Set every entry down again exactly, omitting none.
::: Exercise data
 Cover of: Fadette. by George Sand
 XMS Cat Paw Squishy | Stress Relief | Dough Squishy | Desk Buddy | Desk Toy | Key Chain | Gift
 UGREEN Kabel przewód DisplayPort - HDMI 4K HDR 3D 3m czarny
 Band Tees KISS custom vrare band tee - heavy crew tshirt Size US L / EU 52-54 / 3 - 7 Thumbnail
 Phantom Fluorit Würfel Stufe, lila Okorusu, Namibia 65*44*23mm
::::::
**Result of the exercise:**
 Cover of: Fadette. by George Sand
 XMS Cat Paw Squishy | Stress Relief | Dough Squishy | Desk Buddy | Desk Toy | Key Chain | Gift
 UGREEN Kabel przewód DisplayPort - HDMI 4K HDR 3D 3m czarny
 Band Tees KISS custom vrare band tee - heavy crew tshirt Size US L / EU 52-54 / 3 - 7 Thumbnail
 Phantom Fluorit Würfel Stufe, lila Okorusu, Namibia 65*44*23mm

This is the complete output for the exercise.